Other studies have shown that PXR upregulated the p21 protein, a Cdk inhibitor, to suppress the proliferation of colon cancer cells and that ectopic expression of PXR in neuroblastoma cells resulted in growth suppression (Misawa et al., 2005; Ouyang et al., 2010). Another study showed that PXR activation inhibited T-lymphocyte proliferation and compromised T-lymphocyte function (Dubrac et al., 2010). Furthermore, rifampicin (RIF)-induced activation of PXR inhibited the proliferation of cervical cancer cells, and, in a xenograft model, cells overexpressing PXR formed smaller tumors than did cells in the vector control group (Niu et al., 2014). This growth inhibition occurred as a result of G2/M phase arrest in the cell cycle. In PXR-mediated G2/M arrest, the expression of cullin (Cul) 1, Cul2, Cul3, and mitotic arrest deficient 2–like 1, which are positively correlated with cell-cycle arrest in G2/M phase, were low in control cells but high in the PXR-overexpressing cells. Additionally, anaphase-promoting complex subunit 2 (ANAPC2) and cell division cycle protein (CDC) 20 or CDC25, which are also related to the G2/M phase progression, were downregulated by PXR (Niu et al., 2014). Zhuang et al. (2011) observed a similar inhibition of proliferation in liver hepatocarcinoma cells stimulated with RIF. Flow cytometry analysis of RIF-treated cells revealed an arrest of cells in the G0/G1 phase in a PXR-dependent manner (Zhuang et al., 2011). Based on evidence that has been presented, it appears that PXR may play a dual role both as an accelerator or a brake of cell proliferation. When acting as an enhancer, PXR predominantly exerts its effects in the G0/G1 or G1/S phases where its activation suppresses cell cycle suppressor genes like p27 and p130 (Fig. 2). On the other hand, when acting as an inhibitor of proliferation, its effects are primarily observed in the G2/M phase of the cell cycle where p21 is enhanced but a cell cycle promoter like CDC20 and CDC25 are suppressed (Fig. 2). It is still unclear whether cellular or tissue context plays a role in dictating whether PXR acts as an enhancer or an inhibitor of proliferation.

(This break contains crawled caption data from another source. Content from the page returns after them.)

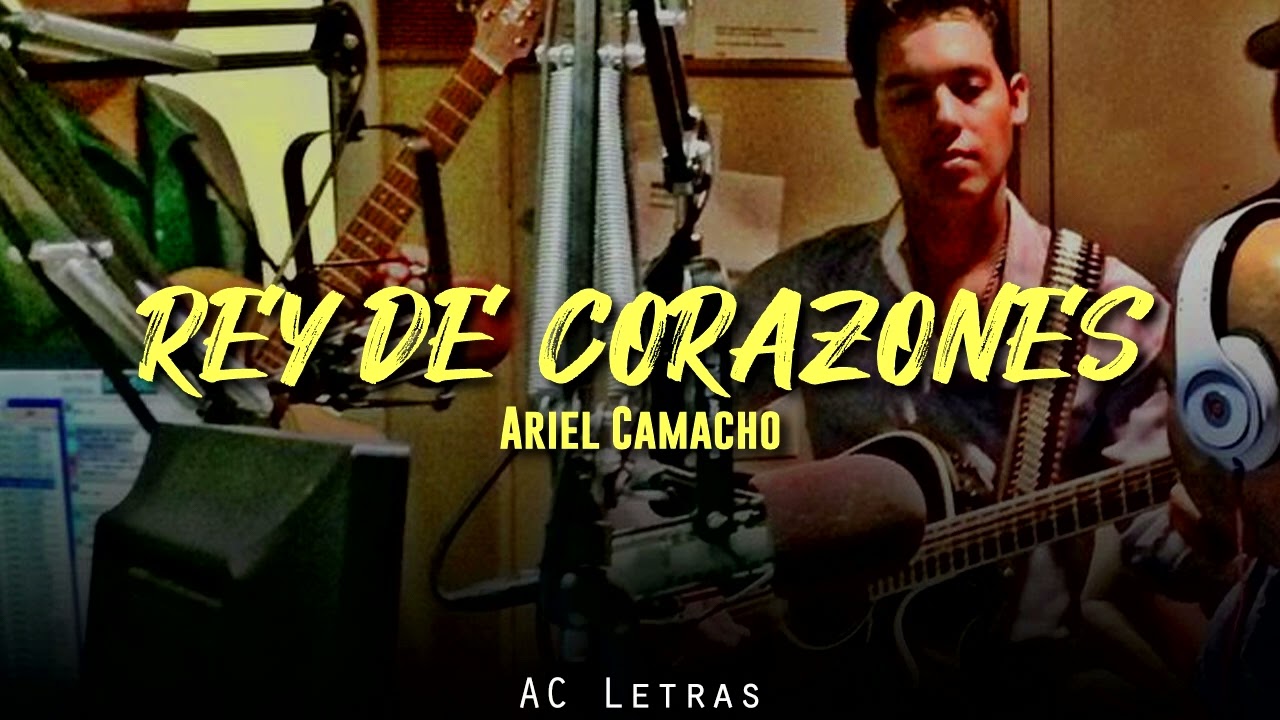 LETRA | Rey De Corazones (ᴇꜱᴛᴜᴅɪᴏ 2014) 🤴 Ariel Camacho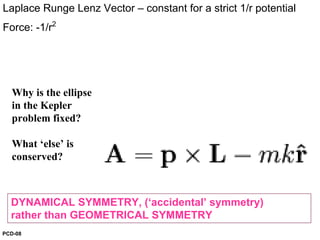 DYNAMICAL SYMMETRY, (‘accidental’ symmetry)
rather than GEOMETRICAL SYMMETRY
Laplace Runge Lenz Vector – constant for a strict 1/r potential
Force: -1/r2
Why is the ellipse
in the Kepler
problem fixed?
What ‘else’ is
conserved?
PCD-08
 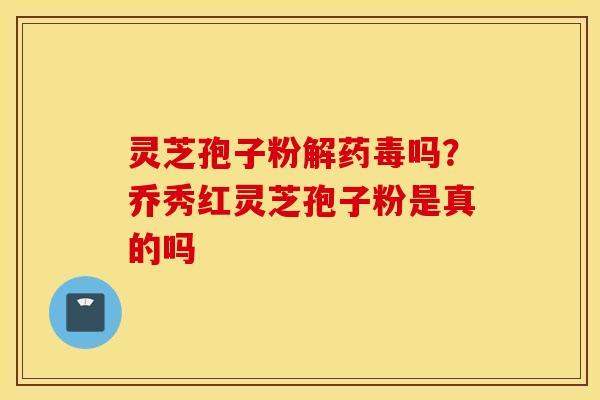 灵芝孢子粉解药毒吗？乔秀红灵芝孢子粉是真的吗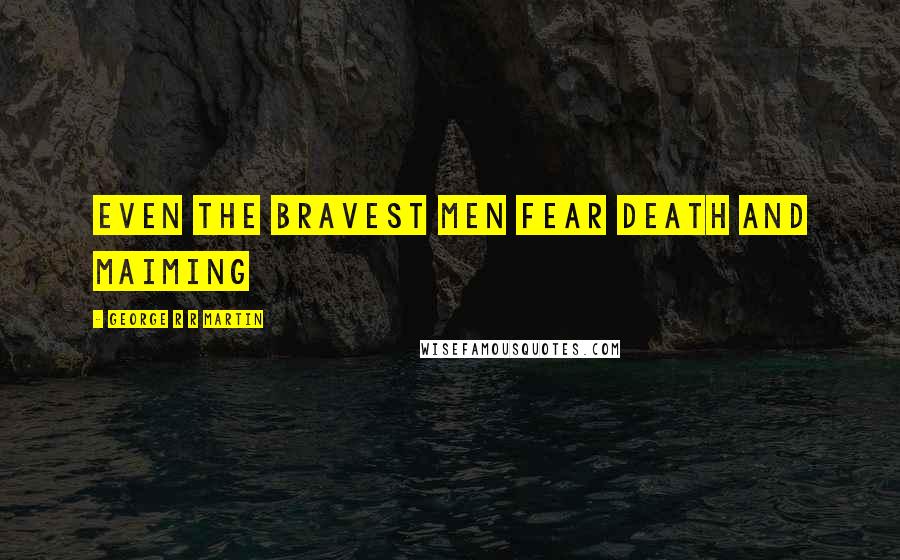 George R R Martin Quotes: Even the bravest men fear death and maiming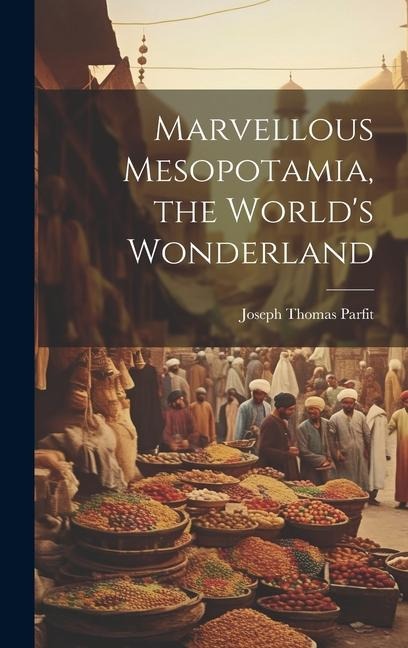 Marvellous Mesopotamia, the Worlds Wonderland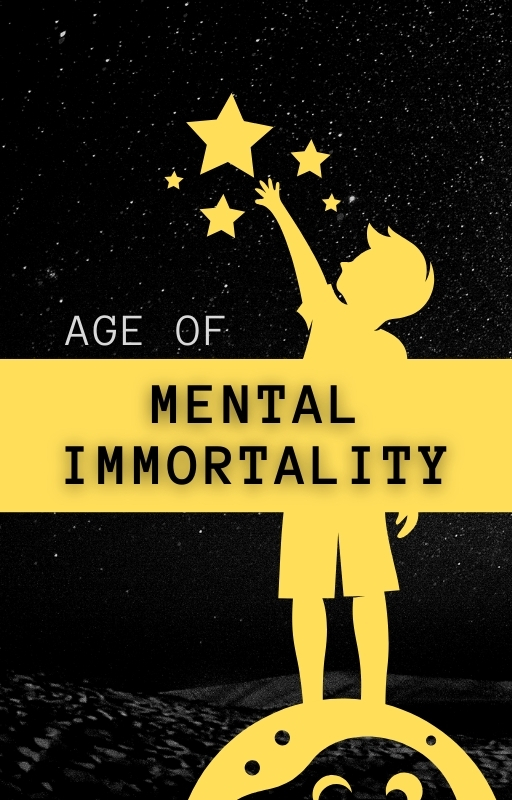 Age of Mental Immortality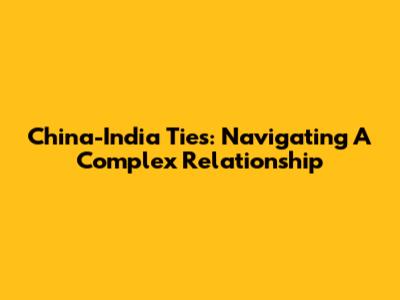 China-India Ties: Navigating A Complex Relationship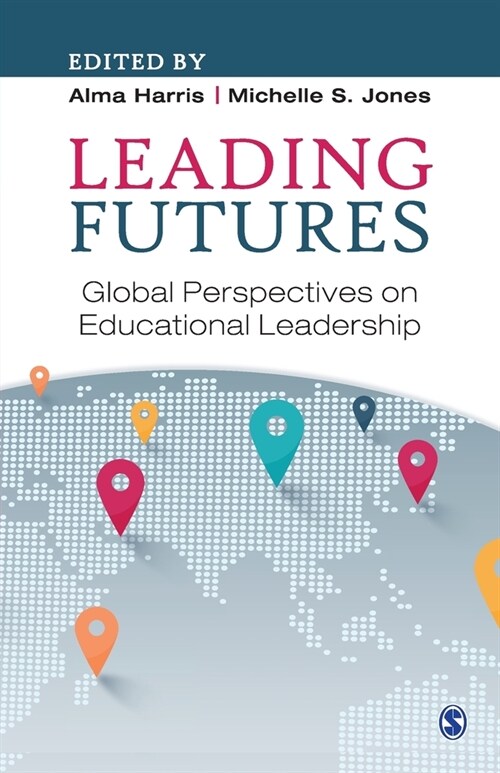 Leading Futures: Global Perspectives on Educational Leadership (Paperback)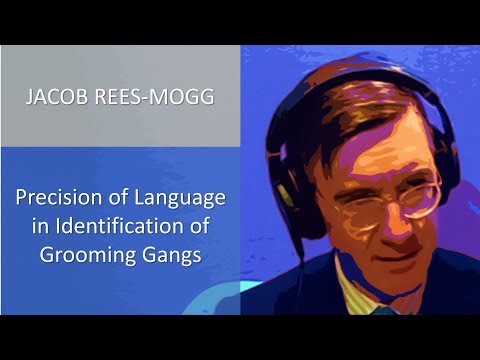 Jacob Rees-Mogg On Ethnic Precision in the Identification of Grooming Gangs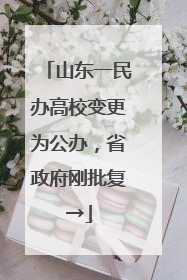 山东一民办高校变更为公办，省政府刚批复→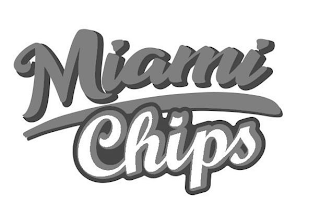 MIAMI CHIPS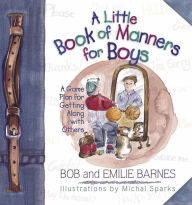 Title: A Little Book of Manners for Boys: A Game Plan for Getting Along with Others, Author: Bob Barnes
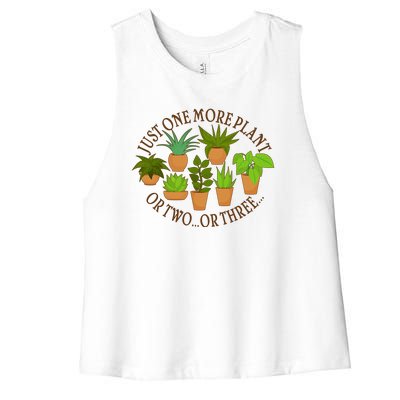 Funny Just One More Plant Or Two Or Three Women's Racerback Cropped Tank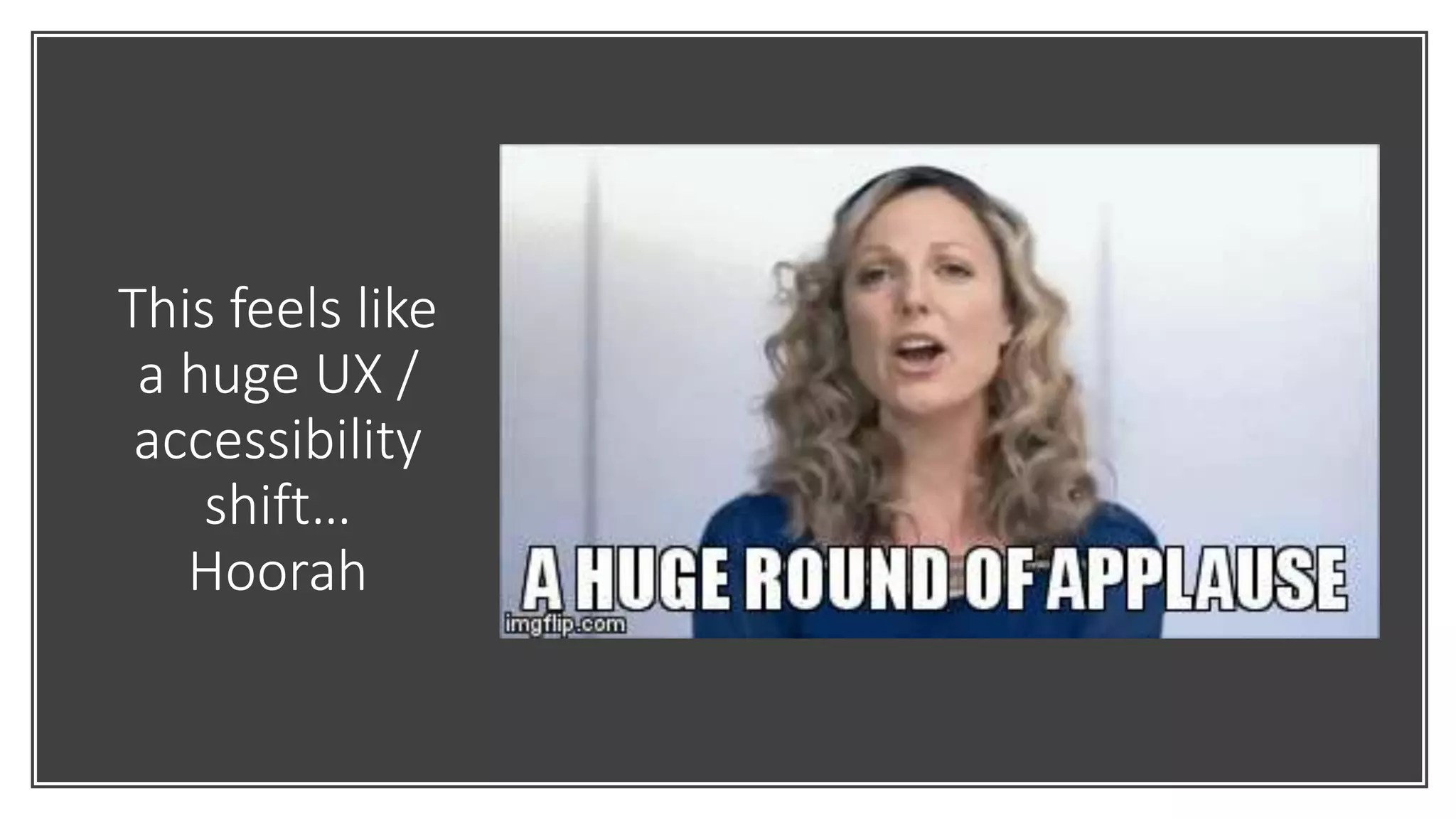 This feels like
a huge UX /
accessibility
shift…
Hoorah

Additionally, the other factors that may push the PXR proliferative function in one direction as opposed to the other are yet unknown.
Fig. 2.
PXR serves a dual role in regulating cell proliferation. PXR could inhibit cell proliferation by inhibiting the G2-M phase progression of cell cycle (left panel), or enhance cell proliferation by imposing its effects in the G1-S phase transition of cell cycle. The driving factor for what role to favor remains unknown, but whatever role is favored is predominant in that model.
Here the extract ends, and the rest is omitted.